I'm guessing John's probably gone now, as are a lot of those vets I got to know. It's been almost three decades, after all, and none of them were young then.

But I'm looking at the certificate they gave me and thinking about them because today is Veterans Day, and also Armistice Day. I think of it as the latter because I'm a history nerd, and World War I -- four years of pointless slaughter on an industrial scale -- has for some reason always held a particular fascination for me. So the moment the armistice ending it went into effect, at the 11th hour of the 11th day of the 11th month, resonates.

In any event, on this day I always conflate remembrance of that war with saluting those who fought all our wars, or who wear or have worn the uniform. And I've taken to reposting something I wrote several years ago on this day, because it seems to sum it all up.

Here it is:

Every year on Veterans Day I go back there, in my mind. It's been 17 years now since I toured the American sector of the Western Front in France, but on this day it always feels like I can reach out and touch it. It feels as near as my next breath.

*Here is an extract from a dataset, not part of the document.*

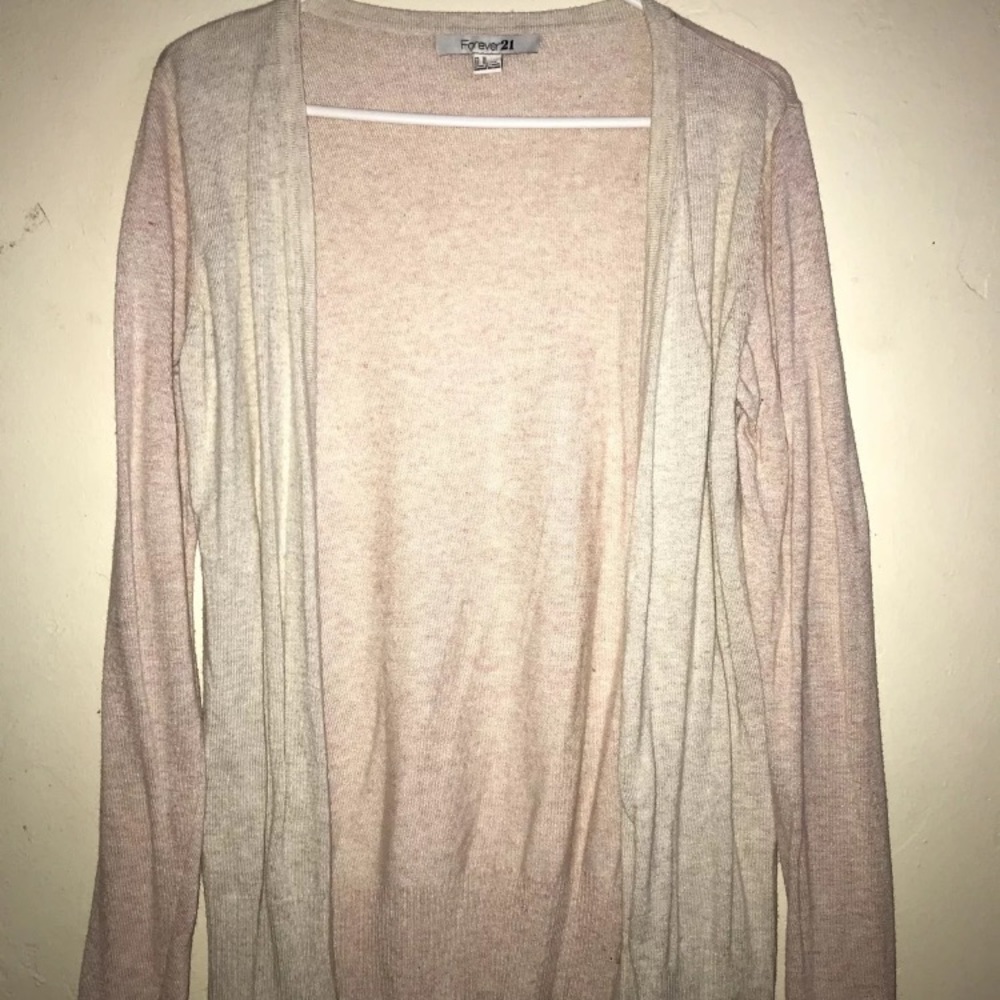 Forever21 cardigan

These days, in that place where American boys fought and died in the autumn of 1918, there are neat green cemeteries from the Argonne to Thiaucourt, row upon row of white crosses arrayed in the geometry of remembrance. And, amid fields of wheat and the crumbling remains of ancient pillboxes, there is an immense dome of gleaming white marble.

Built in 1931 atop an escarpment called Montsec, it commands what was the old St. Mihiel salient, and now is just quiet French farmland. But though it commemorates the first major American operation of the Great War, hardly any Americans ever visit, or perhaps know it exists.

I always wonder why that is so, when I think of that place on Veterans Day. And I always will.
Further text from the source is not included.